Les airs de Périchole, ô combien émouvants, le désespoir de Piquillo, ou encore le désarroi pathétique du vice-roi cèdent le pas à une succession de sketchs très bien agencés. Leur répétition sont pimentées par des trouvailles particulièrement réjouissantes comme les interventions remarquées des dames de la cour à l’acte II, sorte d’énorme banc de truites argentées aux mimiques d’héritière capricieuse, ou encore, lorsque le vice-roi ordonne à la cour de poursuivre Piquillo, les courtisans incapables ne pouvant que répéter mot pour mot ce que dit le vice-roi. » (Olyrix)

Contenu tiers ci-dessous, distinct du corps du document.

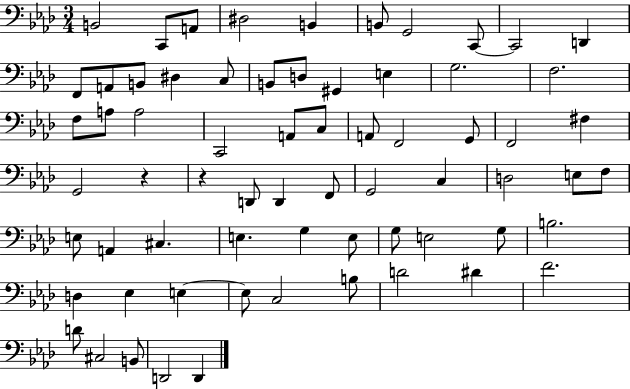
{
  \clef bass
  \numericTimeSignature
  \time 3/4
  \key aes \major
  \repeat volta 2 { b,2 c,8 a,8 | dis2 b,4 | b,8 g,2 c,8~~ | c,2 d,4 | \break f,8 a,8 b,8 dis4 c8 | b,8 d8 gis,4 e4 | g2. | f2. | \break f8 a8 a2 | c,2 a,8 c8 | a,8 f,2 g,8 | f,2 fis4 | \break g,2 r4 | r4 d,8 d,4 f,8 | g,2 c4 | d2 e8 f8 | \break e8 a,4 cis4. | e4. g4 e8 | g8 e2 g8 | b2. | \break d4 ees4 e4~~ | e8 c2 b8 | d'2 dis'4 | f'2. | \break d'8 cis2 b,8 | d,2 d,4 | } \bar "|."
}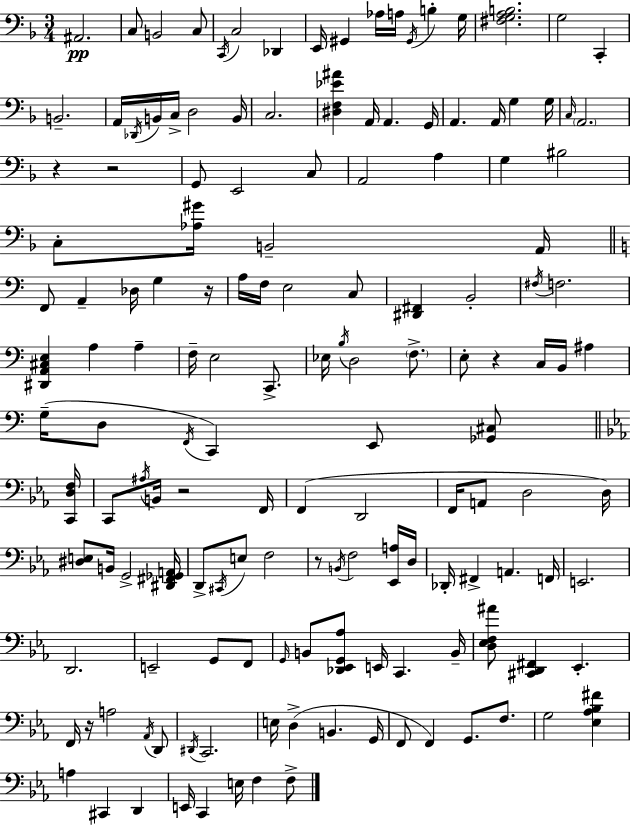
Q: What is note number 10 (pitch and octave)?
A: Ab3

Une nouvelle de Prosper Mérimée (1803-1870)

Prosper Mérimée avait publié en 1828 un recueil de petites pièces, intitulé Théâtre de Clara Gazul. L’une d’elles, « Le carrosse du Saint-Sacrement », met en scène une comédienne fameuse de Lima, la Périchole. Cette actrice a reçu de son amant, le vice-roi du Pérou, un magnifique carrosse avec lequel elle se rend à l’église, ce qui scandalise toute la population. Peu après, la jeune femme, pour apaiser les esprits, fait don du carrosse à la cathédrale pour le transport du Saint-Sacrement.

Jacques Offenbach (1819-1890)

Jacob Offenbach est né à Cologne (Allemagne) en 1819 dans une modeste famille juive, qui doit la citoyenneté à Napoléon. En effet son père, Isaac Juda Eberst, avait en 1800 quitté sa ville natale d’Offenbach sur le Main pour s’installer à Cologne, ville faisant alors partie de la Confédération du Rhin, état satellite de l’Empire où il adopta comme nom de famille Der Offenbacher, puis simplement Offenbach, la loi française obligeant les juifs à avoir un patronyme stable en contrepartie de la citoyenneté.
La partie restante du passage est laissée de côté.